- Interactive map of Heungin-dong
- Country: South Korea

Area
- • Total: 0.12 km^{2} (0.046 sq mi)

Korean name
- Hangul: 흥인동
- Hanja: 興仁洞
- RR: Heungin-dong
- MR: Hŭngin-dong

= Heungin-dong =

Neighborhood in Seoul, South Korea

Heungin-dong is a legal dong (neighborhood) of Jung District, Seoul, South Korea and governed by its administrative dong, Sindang 1-dong.

==Chungmu Arts Hall==
Chungmu Arts Hall is multi-purpose cultural complex located in Heungin-dong, near Sindang Station.

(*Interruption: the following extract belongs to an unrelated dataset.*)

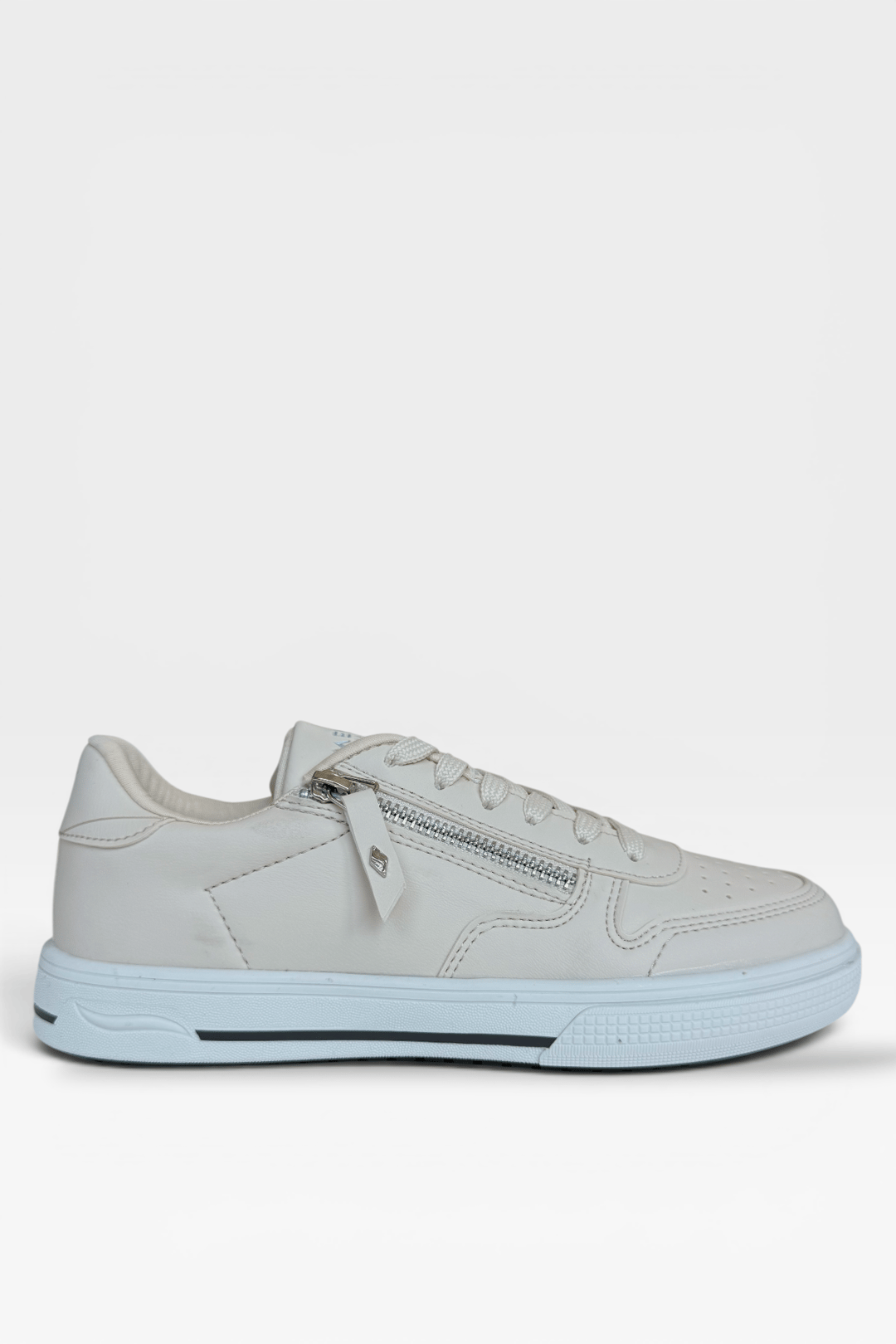 Günlük Hafif Taban Bağcıklı Fermuarlı Kadın Sneaker Ayakkabı BEJ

Facilities includes a 1,231 seats Grand Theater, 327 seats Black Theater and 258 seats Blue Theater; Chungmu Gallery designed for installations and experimental artwork; sport hall with gymnasium, fitness room, dance studios and swimming pool; and the Chungmu Academy.

- Events
- Lee Min Woo of Shinhwa held a series of concerts, titled M's Acoustic & Unplugged from 15 to 25 October 2009.
- Musical The Three Musketeers from 15 December 2010 to mid-January 2011, Kyuhyun of Super Junior rotated with TRAX's Jay "Typhoon" Kim as D'Artagnan, along with Yoo Jun Sang, Im Ki Jun, Kim Mu Yul and Dana Hong.
- Musical Jack the Ripper played at the Grand Theater from 5 July to 14 August 2011, with Ahn Jae-wook, Um Ki-joon, Lee Ji-hoon and Sungmin of Super Junior rotating in the lead role of Daniel.